Landkreis und Hansestadt tragen das Projekt
Finanziert und organisiert wird das Workcamp vom Fachdienst Jugend des Landkreises Nordwestmecklenburg und von der Hansestadt Wismar.
Internationale Workcamps werden in Wismar bereits seit 2007 durchgeführt. Seit elf Jahren liegt die Organisation nach Angaben des NDR auch beim Landkreis Nordwestmecklenburg. Im kommenden Jahr könnte das Projekt damit sein 20-jähriges Bestehen feiern.
Die lange Laufzeit zeigt, dass sich das Modell als Bestandteil der regionalen Ferienbetreuung etabliert hat.
Mehr als eine kurzfristige Betreuung
Der Nutzen des Workcamps geht über die reine Entlastung während der Ferien hinaus.
Kinder und Jugendliche erleben Menschen aus verschiedenen Kulturen unmittelbar im Alltag.
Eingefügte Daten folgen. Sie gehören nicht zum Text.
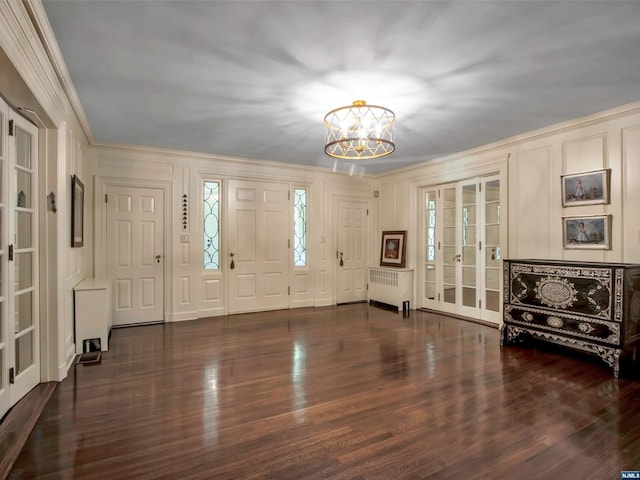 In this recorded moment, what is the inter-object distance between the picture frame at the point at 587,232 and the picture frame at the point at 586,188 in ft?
0.55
Sprachliche Unterschiede werden dabei nicht nur erklärt, sondern beim gemeinsamen Spielen, Basteln oder Kochen praktisch überwunden.
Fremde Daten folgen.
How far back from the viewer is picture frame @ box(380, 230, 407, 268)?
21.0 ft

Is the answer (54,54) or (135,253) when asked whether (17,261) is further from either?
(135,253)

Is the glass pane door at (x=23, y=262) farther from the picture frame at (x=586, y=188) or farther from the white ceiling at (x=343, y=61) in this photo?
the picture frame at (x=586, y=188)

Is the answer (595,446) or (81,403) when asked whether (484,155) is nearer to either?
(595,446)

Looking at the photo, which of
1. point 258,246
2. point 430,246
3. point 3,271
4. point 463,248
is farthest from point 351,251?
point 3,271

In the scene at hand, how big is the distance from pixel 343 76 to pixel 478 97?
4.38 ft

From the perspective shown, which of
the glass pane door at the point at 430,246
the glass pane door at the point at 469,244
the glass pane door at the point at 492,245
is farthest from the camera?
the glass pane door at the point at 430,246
Für die Studierenden wiederum bietet das Projekt Einblicke in die Kinder- und Jugendarbeit sowie in das Leben einer deutschen Region abseits der großen Metropolen.
Internationale Begegnung im Alltag
Gerade in kleineren Städten und ländlichen Gebieten sind internationale Begegnungen nicht für alle jungen Menschen selbstverständlich.
Das Workcamp bringt diese Erfahrung direkt in die Freizeiteinrichtungen. Kinder müssen dafür weder verreisen noch an einem besonderen Austauschprogramm teilnehmen.
Zugleich können die internationalen Freiwilligen Wismar und Nordwestmecklenburg kennenlernen und Kontakte zu anderen Teilnehmern sowie zu Mitarbeitern der Einrichtungen knüpfen.
Ferienprogramm in Wismar bleibt vielfältig
Neben dem Workcamp bieten Wismarer Jugendclubs, Museen und Freizeiteinrichtungen während der Sommerferien zahlreiche weitere Veranstaltungen an.
Im Kinder- und Jugendfreizeitzentrum sind unter anderem Kreativtage, Discgolf, Schmuckgestaltung, Graffiti, Nähen, Batiken und gemeinsames Grillen geplant. Weitere Ferienangebote gibt es im Museum Schabbell und im phanTECHNIKUM.
Das internationale Workcamp ergänzt dieses Programm um einen besonderen Schwerpunkt: Begegnung über Länder- und Sprachgrenzen hinweg.
Das Workcamp im Überblick
Teilnehmer:
Zehn junge Freiwillige
Herkunftsländer:
Frankreich, Italien, Spanien, Mexiko, Aserbaidschan, Litauen und Deutschland
Dauer:
rund anderthalb Wochen
Unterkunft:
Kinder- und Jugendfreizeitzentrum Wismar
Weitere Einsatzorte:
Schönberg, Rehna, Warin, Dorf Mecklenburg, Neukloster und Stove
Angebote:
Spiele, Basteln, Sport, Grillen und Ausflüge
Organisation:
Fachdienst Jugend des Landkreises Nordwestmecklenburg und Hansestadt Wismar
Quellen:
NDR Mecklenburg-Vorpommern, Hansestadt Wismar, Kinder- und Jugendfreizeitzentrum Wismar sowie Informationen zum internationalen Workcamp.